じゅうにつき -:Русский авангард- | ーとんとん機音日記ー

ーとんとん機音日記ー

山間部の限界集落に移り住んで、
“養蚕・糸とり・機織り”

手織りの草木染め紬を織っている・・・。
染織作家の"機織り工房"の日記

じゅうにつき-001



サムイル・ヤコヴレヴィチ・マルシャーク(Samuil Yakovlevich Marshak)の十二月(じゅうにつき)〔原題:Двена́дцать ме́сяцев〕は、「森は生きている」といった方が、なじみが深いのだろうと思うけれど、わたしは、「十二月(じゅうにつき)」と呼んだ方が、しっくりゆく気持ちがする。
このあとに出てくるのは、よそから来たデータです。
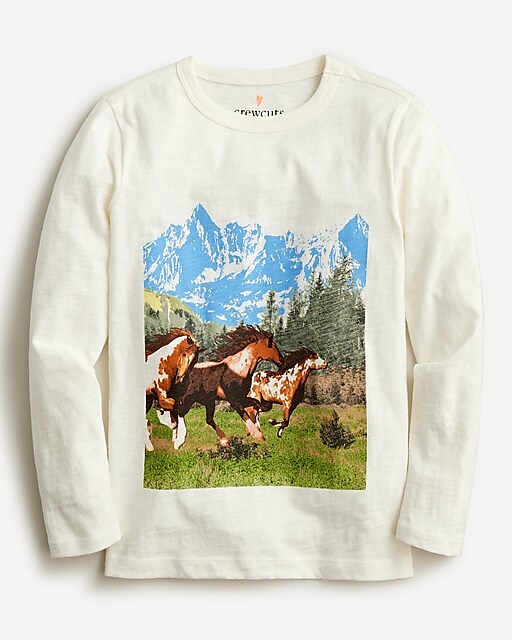  Girls' long-sleeve wild horses graphic T-shirt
サムイル・マルシャークは、ロシアンアヴァンギャルドの作家である。

アヴァンギャルド・・・つまり前衛藝術と呼ばれる作家が、その根っこには、とても民族的な部分をもっているという意味でも、わたしは、サムイル・マルシャークの、この本がとても好きだ。

それに、この十二月(じゅうにつき)と云う話は、どこか日本の「十二様」と呼ばれる山の神信仰の事とも相通じるような気がして、ロシアと云う大地に親近感が持てる。